_What you should do:_
Copy the lines below word for word, skipping any image.

_Dataset section:_
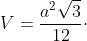 V=\frac{a^2\sqrt{3}}{12}\cdot H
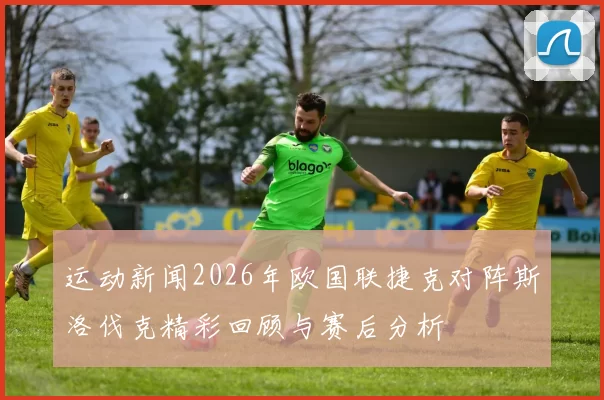 运动新闻2026年欧国联捷克对阵斯洛伐克精彩回顾与赛后分析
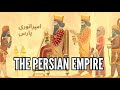 The History Of The Persian Empire Why It Never Truly Fell The History Of The Persian Empire Why It Never Truly Fell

_Response to the task:_
 V=\frac{a^2\sqrt{3}}{12}\cdot H
 运动新闻2026年欧国联捷克对阵斯洛伐克精彩回顾与赛后分析
 The History Of The Persian Empire Why It Never Truly Fell The History Of The Persian Empire Why It Never Truly Fell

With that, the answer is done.